Beryl Markham was a British-Kenyan aviator and author whose West with the Night — a memoir of her life in colonial Kenya and her solo transatlantic flight — Ernest Hemingway praised as the best book written by a woman.
Beryl Markham grew up in colonial Kenya, trained racehorses, learned to fly, and in 1936 became the first person to complete a solo transatlantic flight from east to west — the harder direction, against prevailing winds, from England to Nova Scotia. West with the Night (1942) is her account of that life: the childhood on a farm in British East Africa, the horse training, the years as a bush pilot carrying mail, passengers, and supplies to remote African outposts, and the transatlantic crossing that made her briefly famous.
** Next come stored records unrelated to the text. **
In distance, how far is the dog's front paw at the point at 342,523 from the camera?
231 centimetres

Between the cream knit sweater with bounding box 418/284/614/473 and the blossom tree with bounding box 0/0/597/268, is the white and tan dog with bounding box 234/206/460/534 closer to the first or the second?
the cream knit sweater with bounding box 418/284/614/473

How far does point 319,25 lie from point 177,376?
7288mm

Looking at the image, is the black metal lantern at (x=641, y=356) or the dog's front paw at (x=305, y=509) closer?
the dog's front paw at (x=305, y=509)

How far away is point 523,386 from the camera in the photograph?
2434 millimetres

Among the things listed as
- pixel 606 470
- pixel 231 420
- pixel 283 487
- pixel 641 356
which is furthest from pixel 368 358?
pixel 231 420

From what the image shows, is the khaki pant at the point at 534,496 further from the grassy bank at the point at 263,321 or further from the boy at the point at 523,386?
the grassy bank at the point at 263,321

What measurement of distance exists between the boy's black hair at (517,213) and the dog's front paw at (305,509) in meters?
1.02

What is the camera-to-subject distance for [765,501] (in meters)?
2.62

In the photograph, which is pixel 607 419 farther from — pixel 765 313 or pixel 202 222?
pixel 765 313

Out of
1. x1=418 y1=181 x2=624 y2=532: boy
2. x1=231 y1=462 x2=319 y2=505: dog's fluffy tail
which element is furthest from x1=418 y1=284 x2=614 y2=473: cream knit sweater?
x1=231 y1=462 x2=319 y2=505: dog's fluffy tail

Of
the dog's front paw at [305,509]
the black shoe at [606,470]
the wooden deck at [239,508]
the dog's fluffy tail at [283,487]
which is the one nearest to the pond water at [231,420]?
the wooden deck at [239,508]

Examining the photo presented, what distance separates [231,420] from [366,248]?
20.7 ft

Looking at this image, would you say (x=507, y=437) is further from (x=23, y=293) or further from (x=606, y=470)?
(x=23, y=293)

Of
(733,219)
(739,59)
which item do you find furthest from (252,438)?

Ernest Hemingway read the book and wrote to a friend: “She has written so well, and marvellously well, that I was completely ashamed of myself as a writer.” The prose is of unusual quality — precise, rhythmic, and alert to the physical world in ways that suggest a writer who learned to observe before she learned to write. Whether Markham wrote it herself or had substantial help from her then-husband Raoul Schumacher has been debated; the consensus is that whatever collaboration occurred, the voice and experiences are authentically hers.
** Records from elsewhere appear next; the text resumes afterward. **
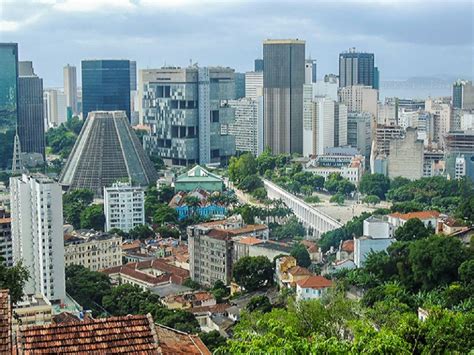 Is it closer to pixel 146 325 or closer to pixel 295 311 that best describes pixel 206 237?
pixel 295 311

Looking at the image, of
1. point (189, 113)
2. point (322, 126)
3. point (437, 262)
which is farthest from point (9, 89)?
point (437, 262)

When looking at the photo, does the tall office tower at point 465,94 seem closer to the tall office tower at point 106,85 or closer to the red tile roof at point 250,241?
the tall office tower at point 106,85

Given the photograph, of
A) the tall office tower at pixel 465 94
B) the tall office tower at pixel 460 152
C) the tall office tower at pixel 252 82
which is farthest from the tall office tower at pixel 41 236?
the tall office tower at pixel 252 82

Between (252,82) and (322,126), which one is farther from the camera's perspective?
(252,82)

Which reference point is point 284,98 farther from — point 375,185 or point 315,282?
point 315,282

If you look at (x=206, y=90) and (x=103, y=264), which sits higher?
(x=206, y=90)

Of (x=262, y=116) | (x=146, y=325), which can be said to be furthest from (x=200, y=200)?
(x=146, y=325) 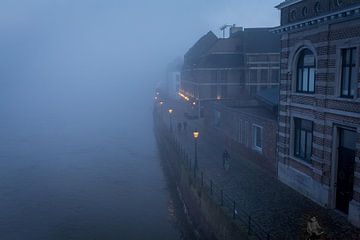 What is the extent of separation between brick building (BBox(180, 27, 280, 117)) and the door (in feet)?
120

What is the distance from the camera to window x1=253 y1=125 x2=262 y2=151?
27.2m

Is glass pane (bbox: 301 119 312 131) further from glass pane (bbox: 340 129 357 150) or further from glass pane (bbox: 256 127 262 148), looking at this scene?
glass pane (bbox: 256 127 262 148)

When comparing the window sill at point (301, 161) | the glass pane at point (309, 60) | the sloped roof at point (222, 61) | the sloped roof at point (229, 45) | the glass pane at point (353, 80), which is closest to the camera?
the glass pane at point (353, 80)

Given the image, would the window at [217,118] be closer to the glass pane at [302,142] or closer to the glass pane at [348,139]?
the glass pane at [302,142]

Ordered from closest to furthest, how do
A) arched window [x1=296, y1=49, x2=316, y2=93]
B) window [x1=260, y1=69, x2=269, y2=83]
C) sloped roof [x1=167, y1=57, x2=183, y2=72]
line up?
arched window [x1=296, y1=49, x2=316, y2=93] → window [x1=260, y1=69, x2=269, y2=83] → sloped roof [x1=167, y1=57, x2=183, y2=72]

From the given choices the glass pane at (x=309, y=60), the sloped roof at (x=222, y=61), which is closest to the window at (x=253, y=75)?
the sloped roof at (x=222, y=61)

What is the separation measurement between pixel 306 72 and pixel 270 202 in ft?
22.6

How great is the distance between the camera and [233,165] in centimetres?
2784

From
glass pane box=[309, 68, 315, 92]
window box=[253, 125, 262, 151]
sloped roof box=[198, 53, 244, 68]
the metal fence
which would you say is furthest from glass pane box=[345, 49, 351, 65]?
sloped roof box=[198, 53, 244, 68]

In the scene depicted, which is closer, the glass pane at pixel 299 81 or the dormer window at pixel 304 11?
the dormer window at pixel 304 11

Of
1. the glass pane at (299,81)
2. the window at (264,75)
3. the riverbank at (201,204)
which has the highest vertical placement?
the glass pane at (299,81)

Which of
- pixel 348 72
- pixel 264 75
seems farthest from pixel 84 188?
pixel 264 75

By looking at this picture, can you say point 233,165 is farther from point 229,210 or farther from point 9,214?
point 9,214

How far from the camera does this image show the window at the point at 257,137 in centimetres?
2717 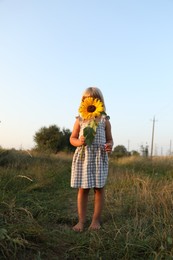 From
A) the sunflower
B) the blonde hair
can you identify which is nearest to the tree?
the blonde hair

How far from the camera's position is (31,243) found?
2.50 m

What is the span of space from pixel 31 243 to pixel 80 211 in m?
1.18

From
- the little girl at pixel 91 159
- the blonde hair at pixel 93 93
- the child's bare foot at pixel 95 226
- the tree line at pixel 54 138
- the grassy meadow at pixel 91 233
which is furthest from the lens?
the tree line at pixel 54 138

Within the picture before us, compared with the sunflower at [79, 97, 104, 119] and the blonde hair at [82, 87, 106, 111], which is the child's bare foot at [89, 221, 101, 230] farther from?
the blonde hair at [82, 87, 106, 111]

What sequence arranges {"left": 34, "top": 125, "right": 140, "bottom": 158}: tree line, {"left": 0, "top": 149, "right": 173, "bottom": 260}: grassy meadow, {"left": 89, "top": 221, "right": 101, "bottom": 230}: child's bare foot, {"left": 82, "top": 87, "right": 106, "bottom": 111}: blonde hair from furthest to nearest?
{"left": 34, "top": 125, "right": 140, "bottom": 158}: tree line
{"left": 82, "top": 87, "right": 106, "bottom": 111}: blonde hair
{"left": 89, "top": 221, "right": 101, "bottom": 230}: child's bare foot
{"left": 0, "top": 149, "right": 173, "bottom": 260}: grassy meadow

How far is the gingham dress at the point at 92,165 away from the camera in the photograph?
3.52 m

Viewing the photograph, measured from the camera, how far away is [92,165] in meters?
3.57

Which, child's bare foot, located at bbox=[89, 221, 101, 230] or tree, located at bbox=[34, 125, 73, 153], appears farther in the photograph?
tree, located at bbox=[34, 125, 73, 153]

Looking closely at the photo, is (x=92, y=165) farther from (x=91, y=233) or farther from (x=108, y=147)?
(x=91, y=233)

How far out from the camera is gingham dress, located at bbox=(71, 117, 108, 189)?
3518 millimetres

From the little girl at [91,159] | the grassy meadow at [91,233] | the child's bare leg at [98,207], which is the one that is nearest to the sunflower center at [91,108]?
the little girl at [91,159]

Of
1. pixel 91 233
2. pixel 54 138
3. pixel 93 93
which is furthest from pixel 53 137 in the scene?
pixel 91 233

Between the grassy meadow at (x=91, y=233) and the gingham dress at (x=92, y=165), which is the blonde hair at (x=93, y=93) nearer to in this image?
the gingham dress at (x=92, y=165)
The book was published in 1942, went largely unnoticed, and was rediscovered in 1983 when a new edition became a surprise bestseller. Markham’s life story — she was raised by an African father figure more than her own father, lived as a horse trainer and aviator in colonial Kenya, had three marriages and numerous affairs — is as extraordinary as her prose, and the book holds both together with remarkable compression.